Title
Beyond Demarcation and Fault Lines: navigating and mapping the divide through artistic practice in Post-
Apartheid Cape Town and Post-War Beirut (Research)
Abstract
The broad research topic for this practice-led doctoral study is the evaluation of select artistic practices and public art in relation to my own practice, in countries that have undergone a political transition to democracy after years of conflict and strife. For the purposes of this study, select South African artistic practices will be compared with select artistic practices emanating from Lebanon. From the 1970s onwards these countries have parallel/ dual histories, as they both transitioned to democracy in 1990. The research will seek to illustrate whether there are similar themes and subject matter emerging from their artistic production after political transition and post-democracy.
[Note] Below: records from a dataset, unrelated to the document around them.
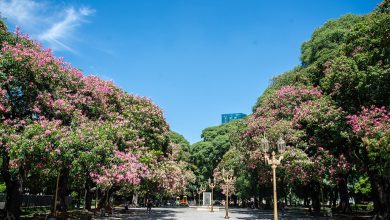 300 especies de árboles que embellecen el paisaje urbano de la Ciudad de Buenos Aires.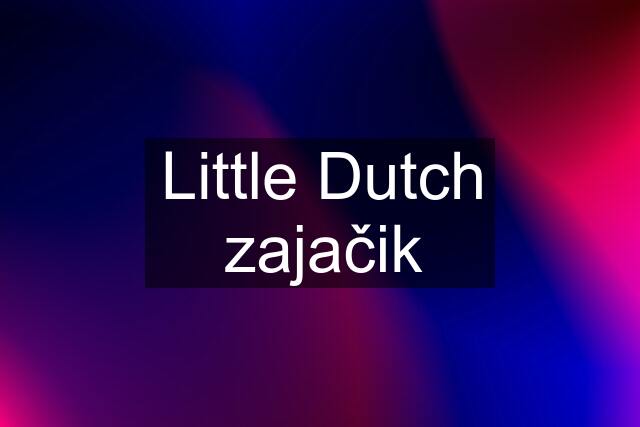 Little Dutch zajačik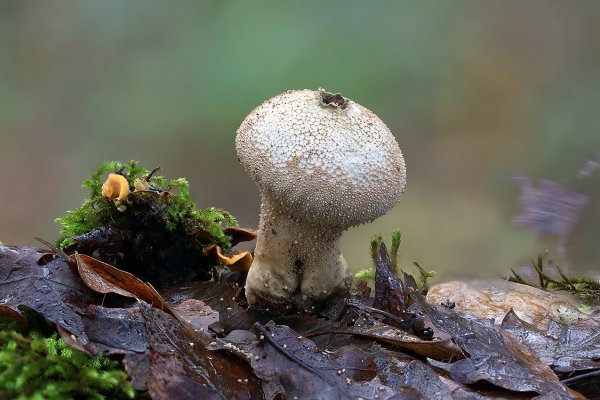 IMG_2110 Дождевик вполне взрослый уже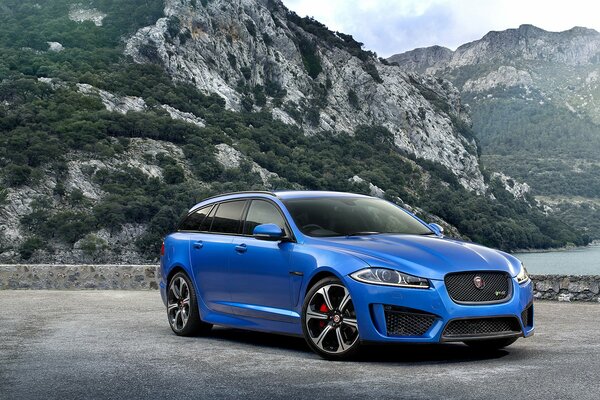 Magnificent blue jaguar on the background of morning mountains and lake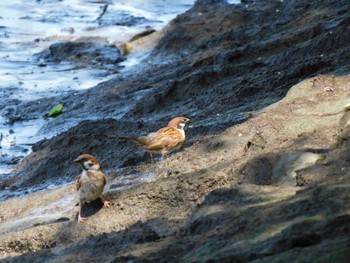 Eurasian Tree Sparrow 多摩川河口 Sun, 7/2/2023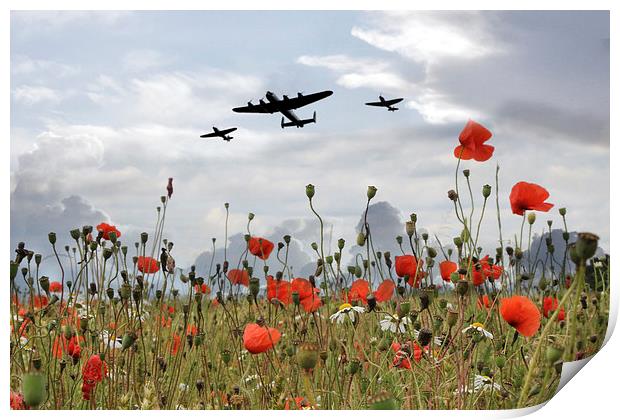 BBMF Over The Poppies Print by J Biggadike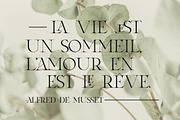 Laxura - Majestic Typeface, a Serif Font by CCS Type (Thumbnail 15 of 28)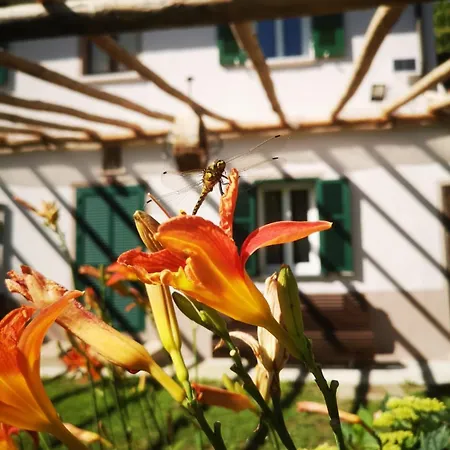 La Rosa Sul Osiglia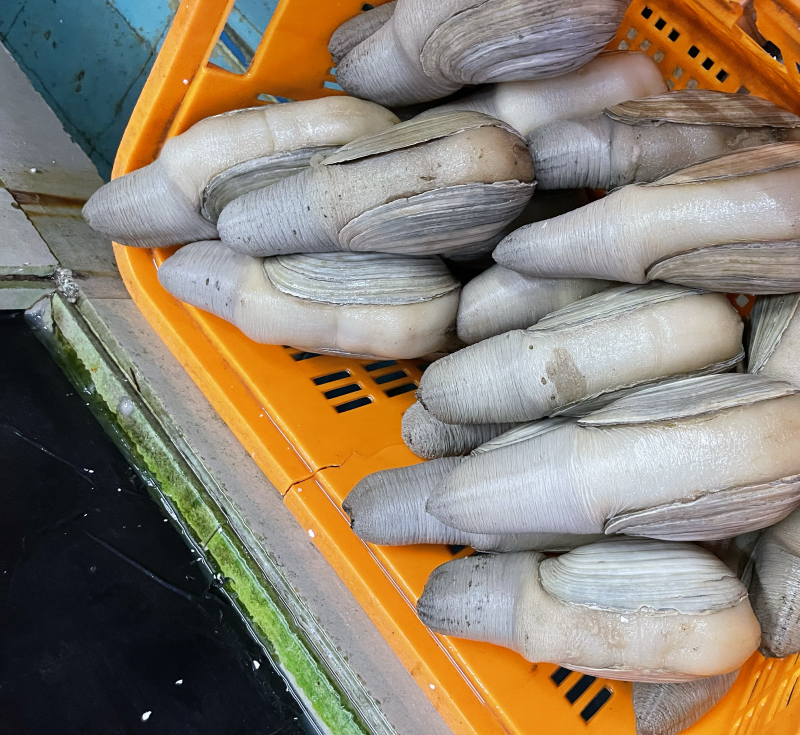 墨西哥象拔蚌（水蚌）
Further public space, public art and art inventions in urban space as a means of protest/ memorialising/ commemoration/ critique will also be interrogated. In particular, the focus is on Cape Town and Beirut as sister cities, both in terms of their urban design and political significance. The Post-Apartheid/ Post-War period city space will be additionally analysed, by critiquing the urban fabric and city design and how it was used during Apartheid/ wartime/ conflict to create a landscape of resistance or division. The research will overlap the fields of African Studies, Oriental Studies, Visual Culture Studies, Urban Studies, Historical Studies, History of Art, Decolonial Studies and Art/ Design Theory. Thus, it will be interdisciplinary. Further, this study is practice-led with both the creation of artworks and the curation of an exhibition forming part of the project. The artistic enquiries and curatorial strategies employed in this study will be theorised, outlined and evaluated in the accompanying thesis but the various components are conceptualised as part of an integrated and entangled whole.